*** DATA RECORDS Section Begins ***

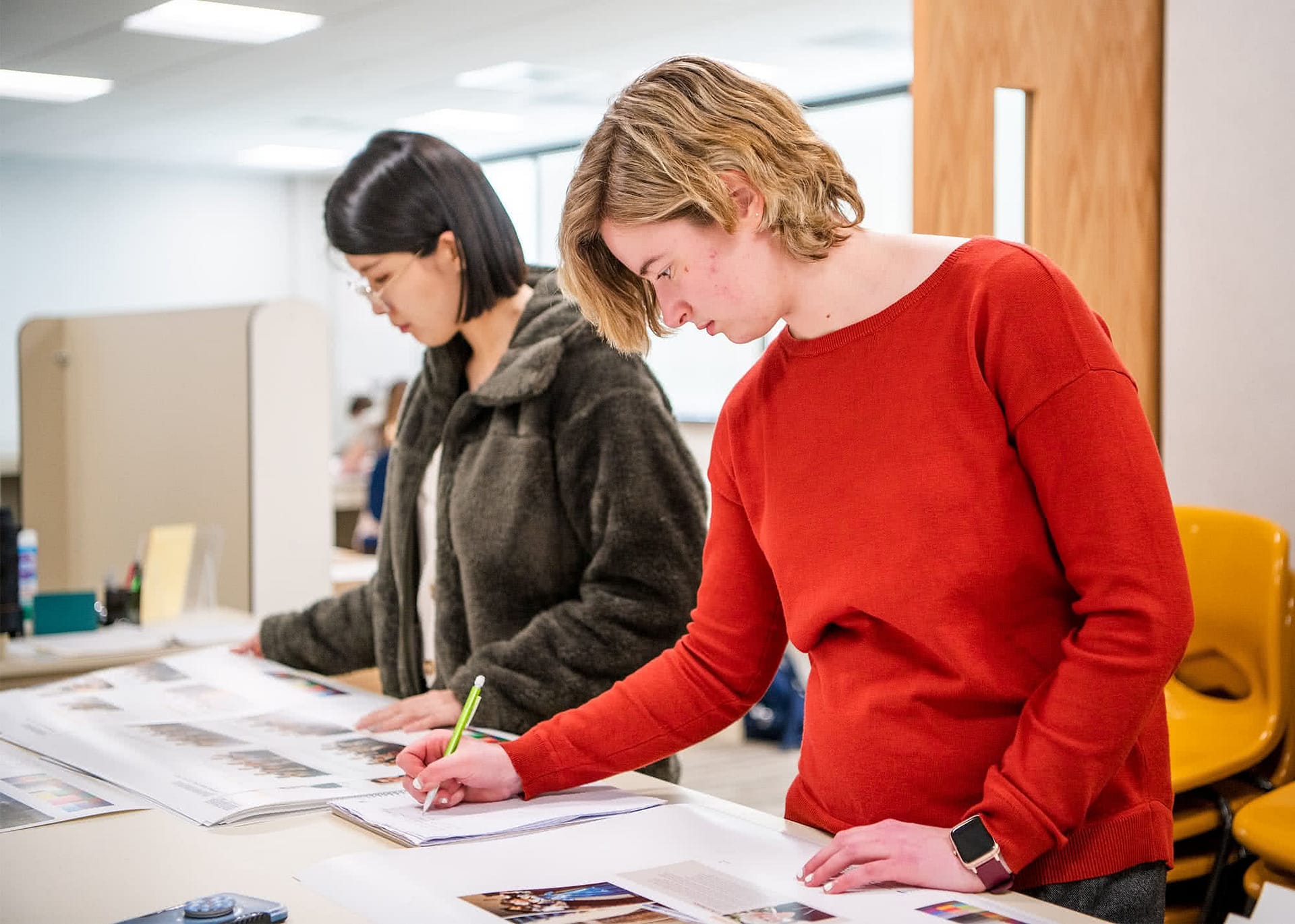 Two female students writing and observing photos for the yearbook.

*** DATA RECORDS Section Ends ***
*** DATA RECORDS Section Begins ***

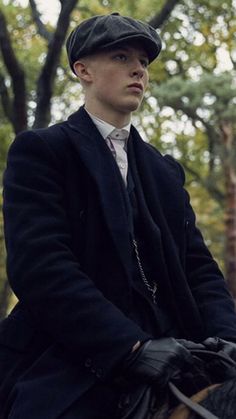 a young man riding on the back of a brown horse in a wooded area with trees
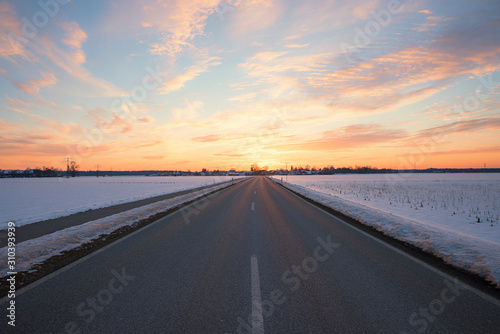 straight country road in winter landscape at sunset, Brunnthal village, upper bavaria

*** DATA RECORDS Section Ends ***

Could you output exactly the lines above, from the line with "a young man" up to and including the line with "straight country road", and nothing else, skipping the pictures?

### REPLY TO THE TASK
 a young man riding on the back of a brown horse in a wooded area with trees
 straight country road in winter landscape at sunset, Brunnthal village, upper bavaria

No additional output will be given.